▶ _What the task requires_:
Of all the entries below, only the lines from the one with "Blush&Bronzer Sunkisser - n." up to and including the one with "Reduburn Certifications" are to be duplicated exactly.

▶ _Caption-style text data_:

== Segment start ==

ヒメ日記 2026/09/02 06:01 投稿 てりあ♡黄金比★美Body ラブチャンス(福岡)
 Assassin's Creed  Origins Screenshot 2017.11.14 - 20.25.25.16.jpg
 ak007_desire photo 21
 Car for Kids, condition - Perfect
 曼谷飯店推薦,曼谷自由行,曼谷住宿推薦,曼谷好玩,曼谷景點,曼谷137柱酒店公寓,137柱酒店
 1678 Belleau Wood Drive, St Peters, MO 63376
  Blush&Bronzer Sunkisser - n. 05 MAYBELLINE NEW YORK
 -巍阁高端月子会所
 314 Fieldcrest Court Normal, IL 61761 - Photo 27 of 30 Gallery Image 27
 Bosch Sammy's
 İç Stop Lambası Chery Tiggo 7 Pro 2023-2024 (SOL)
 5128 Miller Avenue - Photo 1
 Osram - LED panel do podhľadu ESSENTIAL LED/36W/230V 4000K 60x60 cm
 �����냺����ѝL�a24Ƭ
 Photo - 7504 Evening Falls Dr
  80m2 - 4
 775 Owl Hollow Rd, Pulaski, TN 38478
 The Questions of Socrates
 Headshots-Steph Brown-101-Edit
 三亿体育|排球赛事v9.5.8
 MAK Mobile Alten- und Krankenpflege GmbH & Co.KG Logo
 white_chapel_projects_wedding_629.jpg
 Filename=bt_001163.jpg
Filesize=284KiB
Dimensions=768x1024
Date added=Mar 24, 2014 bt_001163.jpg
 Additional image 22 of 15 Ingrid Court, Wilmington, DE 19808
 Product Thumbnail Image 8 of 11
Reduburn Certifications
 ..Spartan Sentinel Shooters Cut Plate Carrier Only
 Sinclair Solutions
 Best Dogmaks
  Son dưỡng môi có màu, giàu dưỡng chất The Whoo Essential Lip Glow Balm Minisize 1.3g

== Segment end ==

▶ _Your solution_:
  Blush&Bronzer Sunkisser - n. 05 MAYBELLINE NEW YORK
 -巍阁高端月子会所
 314 Fieldcrest Court Normal, IL 61761 - Photo 27 of 30 Gallery Image 27
 Bosch Sammy's
 İç Stop Lambası Chery Tiggo 7 Pro 2023-2024 (SOL)
 5128 Miller Avenue - Photo 1
 Osram - LED panel do podhľadu ESSENTIAL LED/36W/230V 4000K 60x60 cm
 �����냺����ѝL�a24Ƭ
 Photo - 7504 Evening Falls Dr
  80m2 - 4
 775 Owl Hollow Rd, Pulaski, TN 38478
 The Questions of Socrates
 Headshots-Steph Brown-101-Edit
 三亿体育|排球赛事v9.5.8
 MAK Mobile Alten- und Krankenpflege GmbH & Co.KG Logo
 white_chapel_projects_wedding_629.jpg
 Filename=bt_001163.jpg
Filesize=284KiB
Dimensions=768x1024
Date added=Mar 24, 2014 bt_001163.jpg
 Additional image 22 of 15 Ingrid Court, Wilmington, DE 19808
 Product Thumbnail Image 8 of 11
Reduburn Certifications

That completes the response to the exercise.